The Utton Transboundary Resources Center’s Water Matters! podcast looks at water and natural resources issues in New Mexico and beyond. Housed at the University of New Mexico School of Law, the Utton Transboundary Resources Center is a state-funded research and public service project that believes in the pursuit of well informed, collaborative solutions to our natural resource challenges. The Utton Transboundary Resources Center’s Sairis Perez-Gomez designed the podcast logo and wrote and performed our theme music and Student Research Assistant Francesca Glaspell produced this episode.
Rin Tara is a staff attorney specializing in water policy and governance at the Utton Transboundary Resources Center. They are primarily interested in questions of water management in the face of climate change. They have done work in riparian restoration, river connectivity, tribal water sovereignty, climate change adaptation, and water rights. They have authored several papers on topics related to the future of western water management.

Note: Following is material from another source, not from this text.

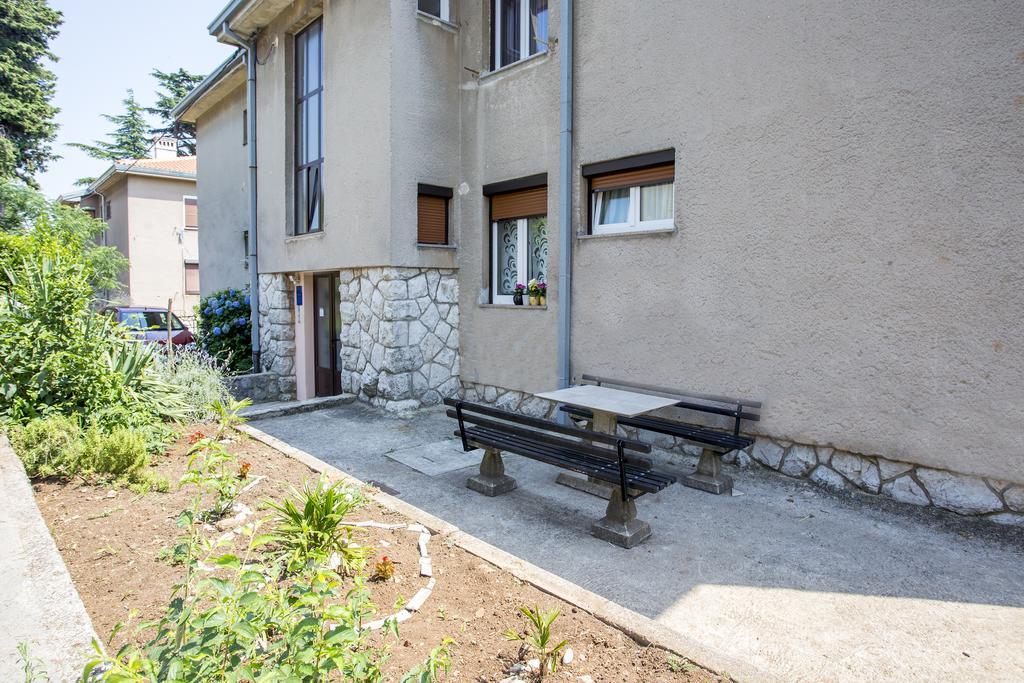 Apartments Cosy And Comfortably Риека Номер фото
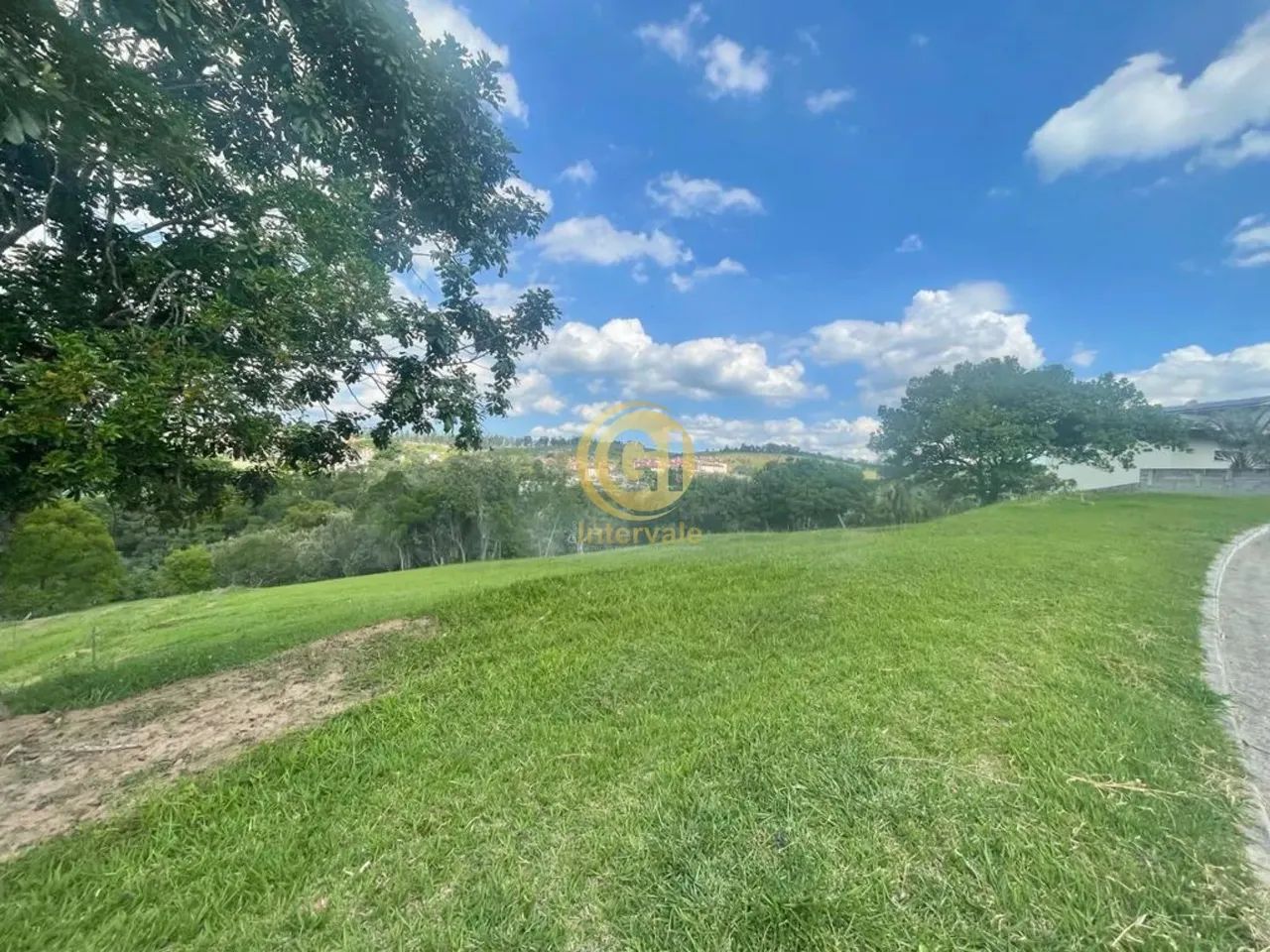 Terreno residencial com 2.252,96 m² para Venda - No condomínio Vale dos Lagos - Foto 3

John Fleck is Writer in Residence at the Utton Transboundary Resources Center, University of New Mexico School of Law; and Professor of Practice in Water Policy and Governance in the University of New Mexico Department of Economics. The former director of the University of New Mexico’s Water Resources Program, he is the author of four books on water in the west, including the forthcoming history of Albuquerque’s relationship with the Rio Grande – Ribbons of Green: The Rio Grande and the Making of a Modern American City.
Water Matters!
3: Monsoon Season
New Mexico’s summer monsoon is upon us. The rainy season began the last week of June, bringing moist air north from the Gulf of California – pumping up flows in drying rivers, wetting forested landscapes and in the process reducing the threat of catastrophic wildfires, and perhaps most importantly bringing the visceral joy that of rain.
Streaming up through the mountains of central Mexico, the moisture from what scientists call the “North American Monsoon” brings 50 percent or more of the annual precipitation to many areas of the southwest, from Tucson and Phoenix up through Albuquerque.
New Mexico’s Middle Rio Grande responds, with monsoon rains temporarily lifting up flows in an otherwise drying river.
Winter snows falling on the mountain watersheds upstream of us provide the bulk of the water supply for people and ecosystems, concentrated into river valleys as they flow downstream. But monsoon rains add a critical piece of the weather and climate puzzle as communities of the West work to adapt to climate change.